Superfund is not a program devoted to the protection of public health. It is an expensive mechanism for reclaiming a limited amount of land for general use. The number of parcels of real estate covered by the law or otherwise needing remediation runs into the hundreds of thousands (though the level of contamination of the vast majority is probably minimal), yet federal policy is to clean up the 1,238 sites on the National Priorities List to operating-room standards and ignore the others.

The effort to justify that policy results in exaggeration of the risks to public health posed by Superfund sites. Those risks are trivial and could be contained at low cost. Furthermore, the effort to “make the polluter pay” has enmeshed over 32,000 people in a regime of injustice, waste, inefficiency, and bloated transactions costs and is discouraging the redevelopment of properties.

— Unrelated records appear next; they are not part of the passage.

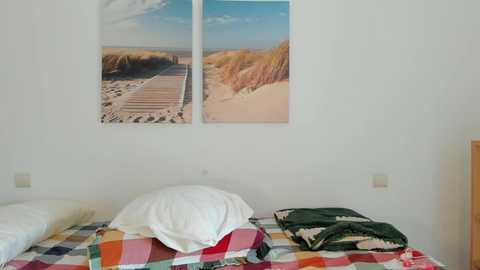 abrilhelena8 @ chaturbate on 20250723
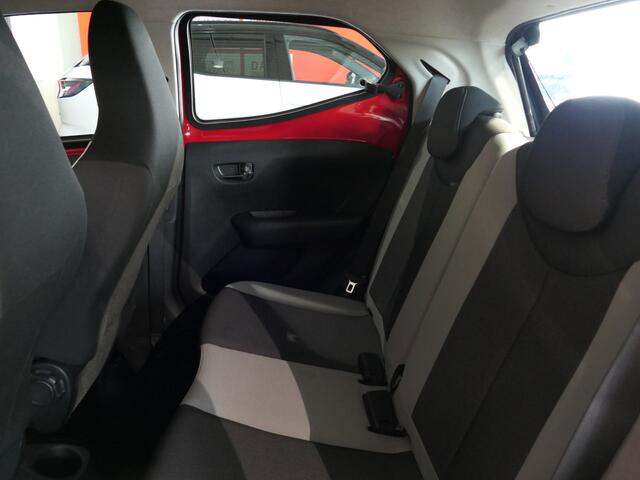 Toyota AYGO 1.0 VVT-i x-play - Camera - Airco - Bluetooth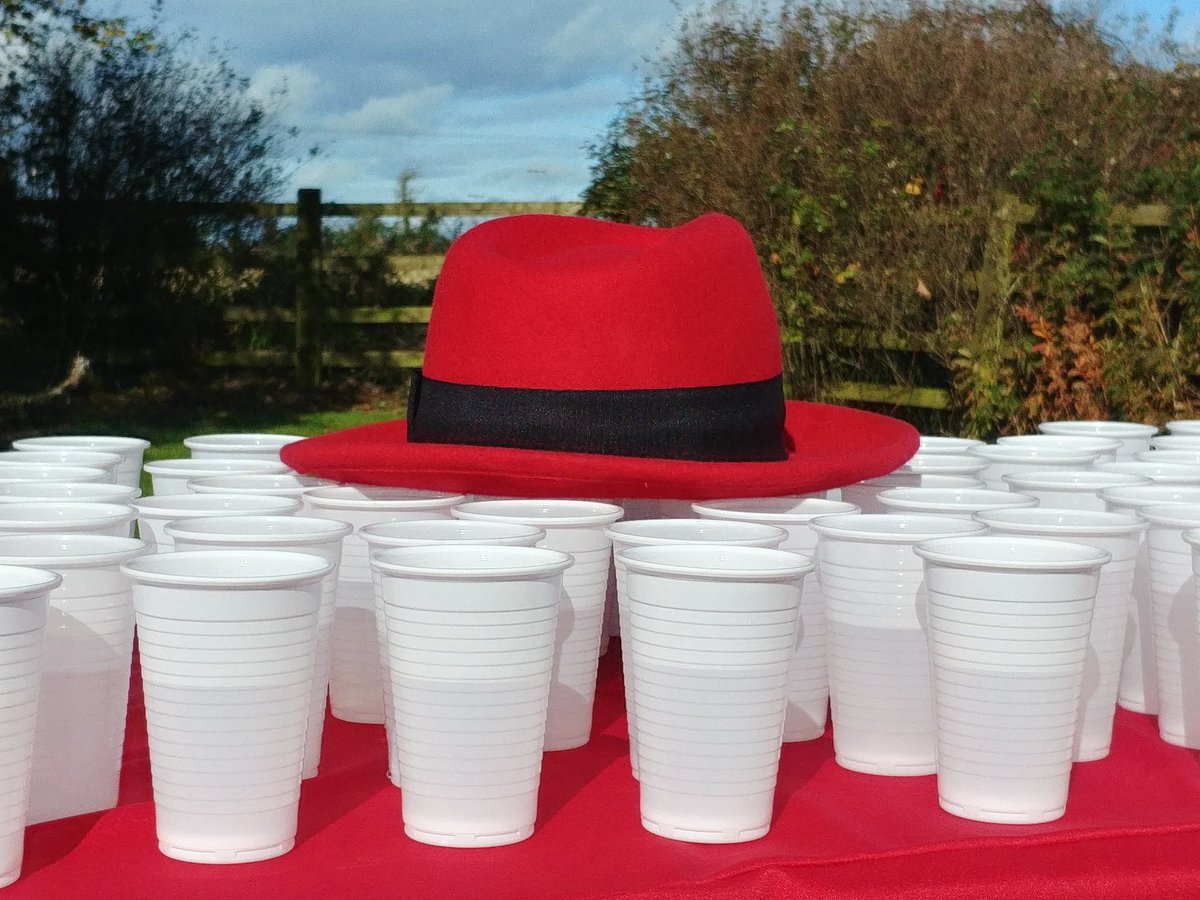 bonjo7's tweet photo. Great day volunteering at the @RedHat water station to hydrate the 2300+ participants of the @SolasCentre #RunForLife2019 @RedHatJobs #WeAreRedHat https://t.co/Qv2nP0a4J7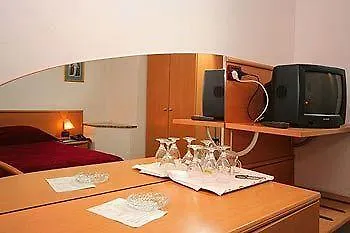 *** Hotel Villa Fontana Trogir Kroatien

The policy of concentrating on NPL sites ignores the arbitrary nature of the process by which sites are listed. There is no convincing evidence that those sites are significantly more threatening than are many non-NPL sites. The focus on the NPL also ignores the growing burden of private litigation, which is becoming an increasing drain on national economic resources and represents a significant reallocation of property rights.

The present law should be repealed and site remediation privatized so that decisions are made by market processes, not bureaucratic ones. Existing federal sites and abandoned sites should be auctioned off to private parties for either a positive or a negative price. The buyers should be obligated only to contain the contamination and prevent harm to public health. Whether a site is cleaned up for use or left idle should be determined by the market for the property.